从PHP中的任何网址获取所有图像? [关闭]

I have input type text for url on my website. By posting value of this url field, i want to fetch all possible images (if present) from that particular url as this happens in http://facebook.com at update status textarea. So what will be the code for this in php?

Thanks.

Facebook has the OpenGraph protocol. A lot of sites that you will link on Facebook will not render an image. This is because there is no configuration with og tags. There would be a very large amount of code required to really achieve any significant results of your crawled images.

There are many images that just aren't meant to be used that way such as spacer images, tracking images, etc... When you pull all image tags from a site you will get a number of these images that are mostly just dead space.

As always, there are multiple ways to approach this problem. They all begin with obtaining the source of the url. cURL is my preferred method to achieve this.

From there you need to parse the information in the source to find the source of the images. This can be done with regular expressions (regex) or my preferred method is to use the DOMDocument Class in PHP.

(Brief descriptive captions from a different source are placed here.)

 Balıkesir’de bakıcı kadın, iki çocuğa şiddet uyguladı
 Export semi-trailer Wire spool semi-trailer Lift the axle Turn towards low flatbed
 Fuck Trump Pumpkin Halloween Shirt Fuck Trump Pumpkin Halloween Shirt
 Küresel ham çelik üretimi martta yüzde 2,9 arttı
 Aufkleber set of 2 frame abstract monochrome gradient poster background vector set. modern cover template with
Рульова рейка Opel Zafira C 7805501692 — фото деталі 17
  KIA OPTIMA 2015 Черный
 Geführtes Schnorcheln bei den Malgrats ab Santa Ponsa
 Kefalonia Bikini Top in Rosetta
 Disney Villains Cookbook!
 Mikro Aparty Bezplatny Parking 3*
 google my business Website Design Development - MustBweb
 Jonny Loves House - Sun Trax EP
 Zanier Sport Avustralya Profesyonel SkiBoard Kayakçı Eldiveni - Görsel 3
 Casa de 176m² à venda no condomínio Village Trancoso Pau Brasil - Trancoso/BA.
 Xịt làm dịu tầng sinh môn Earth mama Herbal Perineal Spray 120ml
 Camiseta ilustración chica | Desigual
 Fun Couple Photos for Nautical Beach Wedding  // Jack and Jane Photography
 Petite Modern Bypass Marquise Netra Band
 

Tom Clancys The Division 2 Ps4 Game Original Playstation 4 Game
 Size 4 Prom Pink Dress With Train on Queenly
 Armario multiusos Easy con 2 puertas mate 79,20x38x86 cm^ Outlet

A brief example as to how to approach obtaining the source url from the image tags using the DOMDocument class is as follows:

// Load your HTML result into $response prior to here.
// Additionally, ensure that you have the root url for the
//     page loaded into $base_url.
$document = new DOMDocument();
$document->loadHTML($response);

$images = array();

// For all found img tags
foreach($document->getElementsByTagName('img') as $img) {
    // Extract what we want
    $image = array(
        // Here we take the img tag, get the src attribute
        //     we then run it through a function to ensure that it is not a
        //     relative url.
        // The make_absolute() function will not be covered in this snippet.
        'src' => make_absolute($img->getAttribute('src'), $base_url),
    );

    // Skip images without src
    if( ! $image['src'])
        continue;

    // Add to collection. Use src as key to prevent duplicates.
    $images[$image['src']] = $image;
}